As much as you still think you can make a difference, all you are doing by staying is taking the easy road and tidying up more of the mess you found in the first place. If you stay due to some weird "earning the respect of the existing peers" that you still haven't got any acknowledgement from but want that respect to prove "to yourself" you have made it in the industry.... Just realise that those fu**ers will be there until they retire and you would have wasted all that time just to fill dead mans shoes and by that time it is too late for you also...
Now is the time to move on. Not think about moving on, but move on if you do actually want to climb the ranks with as little time wastage as possible. Two and a half to three years and you'll have to explain at the next interview, why you stayed so long.Your successor can get on with the tidy up (using your pre-laid guidelines) and bring about even better ways of doing things before they setup new guidelines and move on during which time they will too slag off and blame the idiot that came before them.
From this point on, the longer you keep your feet under that comfy desk with your mates, you have only yourself to blame later on in your career.
This does not necessarily mean you should change companies unless you absolutely have to. In fact, it is better to move upwards or even sideways in the same company than to move to a similar role in a different company for slightly more pay because, staying in the same company and moving up or to something different, ratains your credibility through the good contacts you have already made. You can take the credibility and contacts you have made so far and use them to do just as well in your next role.

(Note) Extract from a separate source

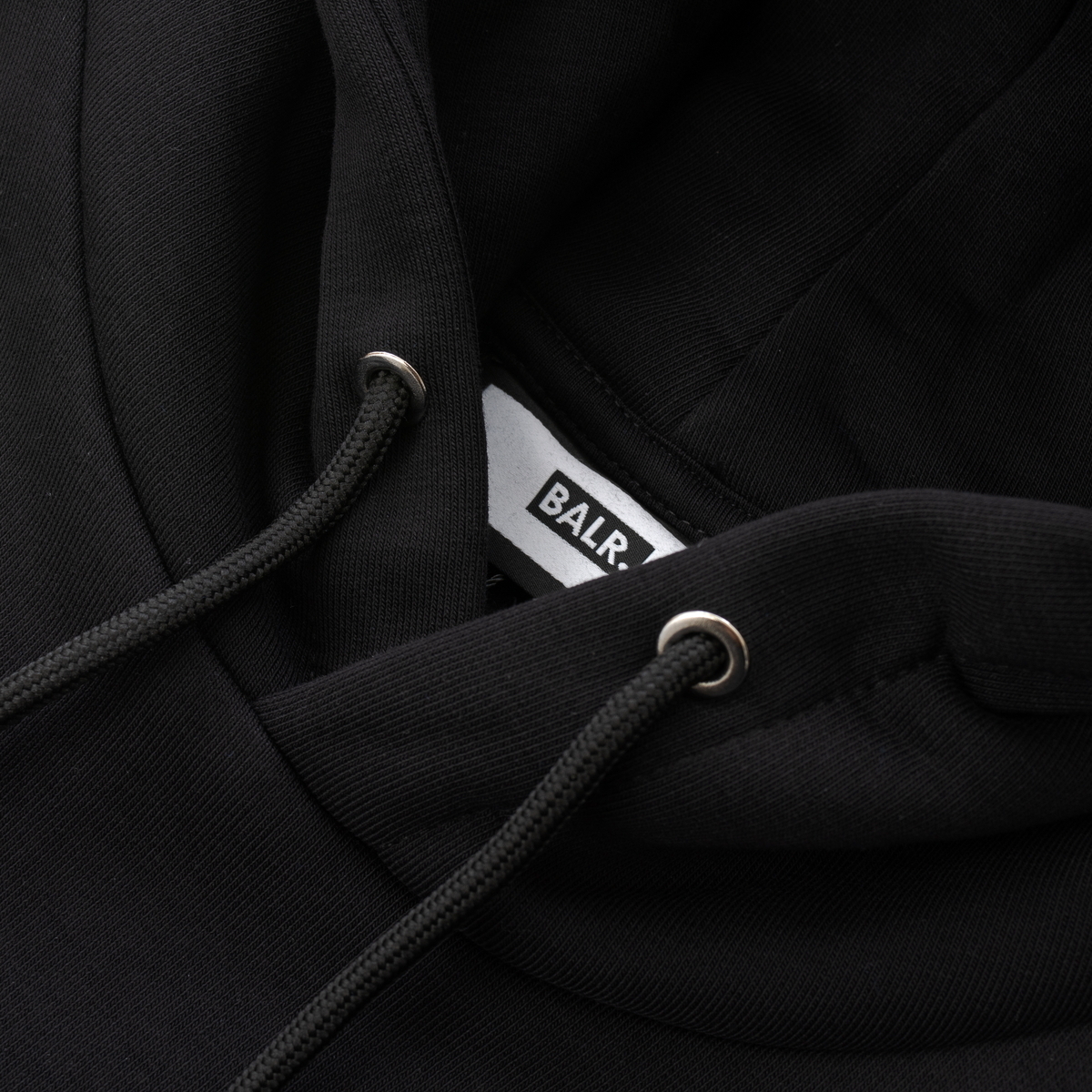 BALR. Olaf Straight Half Track Hoodie パーカー B1261.1099 BALR. 完売御礼 ボーラー メンズ パーカー OLAF STRAIGHT HALF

If your only option is to change companies, then leep for as high as you can get right from the beginning because generally, once you are in, getting any sort of decent pay rise is nigh on impossbile. Remember, by now, you are not a newbie begging for a chance. You have already proven your worth and you have the experience backing you up to justify your application for that new role in that new company. Do not be modest at your new company interview. They don't know you or your previous company. They just want to see bullet point achievements in your CV and the longer you stay, the wider you spread out your achievements in the previous role. You can embelish by generous wording as long as you know how to twist what you wrote to what you wanted them to think, when questioned at interview. Never Lie on your CV. Some smarmy git of an interviewer will always find you out and as you walk out, it seems that the secretary, office staff, security, doorman and even the taxi driver knows of your shame... Don't do it to yourself. It takes too much downtime trying to pick yourself back up again.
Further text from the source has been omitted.